Jean-Christophe Leyder (USRA/NASA-GSFC)

Roland Walter (ISDC/Observatoire de Genève); Gregor Rauw (Institut d'Astrophysique et de Géophysique, Liège)

The colliding-wind binary Eta Carinae exhibits soft X-ray thermal emission that varies strongly around the periastron passage. It is known to exhibit non-thermal emission, thanks to its detection in hard X-rays and in gamma-rays. To strengthen the identification of Eta Carinae with the hard X-ray source, we analyzed a long Chandra observation encompassing the INTEGRAL/ISGRI error circle, and all other soft X-ray sources (including the outer shell of Eta Carinae itself) were discarded as likely counter-parts. To expand the knowledge of the physical processes governing the X-ray lightcurve, we studied new hard X-ray images of Eta Carinae close to periastron, and compared to previous observations far from periastron.
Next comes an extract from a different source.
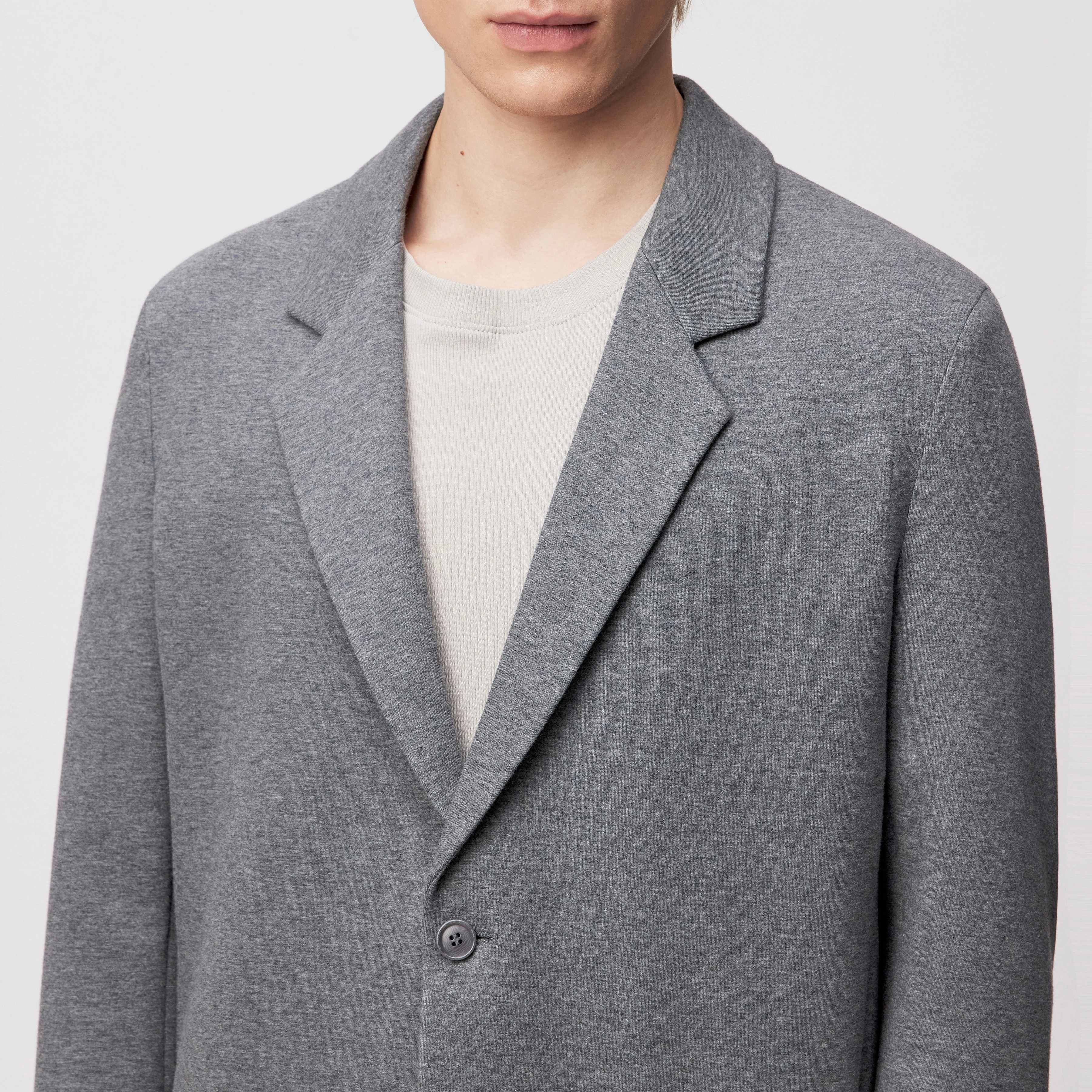 NOLEN - Einknopf-Sakko in Jersey - Herren - grau - Detailansicht am Model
We found that the INTEGRAL component, when represented by a power law (with a photon index of 1.8), would produce more emission in the Chandra band than observed from any point source in the ISGRI error circle apart from Eta Carinae, as long as the hydrogen column density to the ISGRI source is lower than 10^{24} cm^{-2}. Sources with such a high absorption are very rare, thus the hard X- ray emission is very likely to be associated with Eta Carinae. The eventual contribution of the outer shell to the non-thermal component also remains fairly limited. Close to periastron passage, a 3-sigma detection is achieved for the hard X-ray emission of Eta Carinae, with a flux similar to the average value far from periastron. Assuming a single absorption component for both the thermal and non-thermal sources, this 3-sigma detection can be explained with a hydrogen column density that does not exceed 6*10^{23} cm^{−2} without resorting to an intrinsic increase in the hard X-ray emission. The energy injected in hard X-rays (averaged over a month timescale) appears to be rather constant at least as close as a few stellar radii, well within the acceleration region of the wind.